As in most other big American cities, it would be hard to walk 100 feet in Washington and not slam into somebody who's using something that Apple created - an iPhone or an iPad or a Macbook Pro. And so it's staggering to contemplate just how little of Steve Jobs's genius ever permeated the nation's politics, and how much he understood about modern America that those who govern it still don't.
After all, if you wanted to really get a picture of how the national culture has evolved in the last few decades, particularly in the urban areas that drive economic growth, you could do a lot worse than to study Apple's string of innovations. Mr. Jobs understood, intuitively, that Americans were breaking away from the last era's large institutions and centralized decision-making, that technology would free them from traditional workplaces and the limits of a physical marketplace.
This was the underlying point of "think different" - that our choices were no longer dictated by the whims of huge companies or the offerings at the local mall. This was the point of a computer that enabled you to customize virtually every setting, no matter how inconsequential, so that no two users had the exact same experience. This was the essential insight behind devices driven by a universe of new apps, downloaded in seconds depending on your lifestyle and interests.

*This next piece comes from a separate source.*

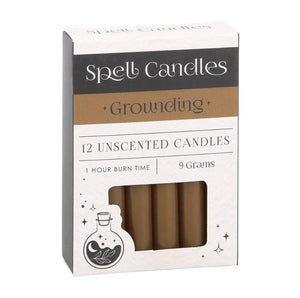 Pack Of 12 Grounding Spell Candles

At the same time, while Mr. Jobs saw a society moving inexorably toward individual choice, he also seemed to understand that such individuality breeds detachment and confusion. And so Apple sought to fill that vacuum by making itself into more than a manufacturer; it became a kind of community, too, with storefronts and stickers and a membership that enabled you to get your e-mail, or video-conference with your friends, or post a Web page of your vacation photos.
In his obituary of Mr. Jobs on The Times's Web site, John Markoff quoted him as explaining his aversion to market research this way: "It's not the consumers' job to know what they want." In other words, while Mr. Jobs tried to understand the problems that technology could solve for his buyer, he wasn't going to rely on the buyer to demand specific solutions, just so he could avoid ever having to take a risk. This is what's commonly known as leading.
If Mr. Jobs and Apple grappled successfully with the complexities of modern life, however, then American politics, across the ideological spectrum, mostly wished them away. In our political debate, there is no compatibility between the notions of customization and community, the twin pillars of the digital age. It's always one or the other.
Either we're being told that centralized, 20th-century systems can never be changed to accommodate more individual flexibility (like say, decoupling health care from employment), or we're being told that all federal programs are wasteful and that every American should basically fend for himself. Either we're supposed to rely entirely on large institutions, or we're supposed to rely only on ourselves.
And no politician wants to really innovate without focus groups, to make a sustained argument for any solution that might entail risk or imagination. Our parties are less like Apple and more like General Motors, churning out this year's streamlined model of the same cars it was asking you to buy 20 years ago. Even the circuitry of the democracy remains essentially unchanged; a nation of voters who can find their cars and pay their mortgages online still can't envision the day when they can cast their votes from an iPad.
This cultural gulf, between Mr. Jobs's America and the one our political leaders inhabit, is largely generational, and it goes long way toward explaining the enthusiasm among younger voters for Barack Obama in 2008. Mr. Obama's campaign, conceived outside the party establishment and built on a platform of online membership, felt like a high-tech reimagining of politics. It seemed to presage an age of government that could champion both individuality and community, a government that made programs more responsive and flexible without eroding our sense of shared responsibility.
It's safe to say that Mr. Obama no longer inspires much of that, at least partly because whatever more futuristic governing vision he might have had ran smack into economic realities and into the orthodoxies of both parties' aging establishments. Three years later, he's sounding a lot more like a conventional Democrat running for re-election and much less like a political innovator.
But generations will, inevitably, turn over, and Americans who grew up using Steve Jobs's gizmos and apps will ultimately inherit a governing culture that feels dated and stifling. Perhaps then Mr. Jobs's contributions to the American culture will at last reach the city where his Apple logo has become so visible, inspiring a government to try to think a little bit different, too.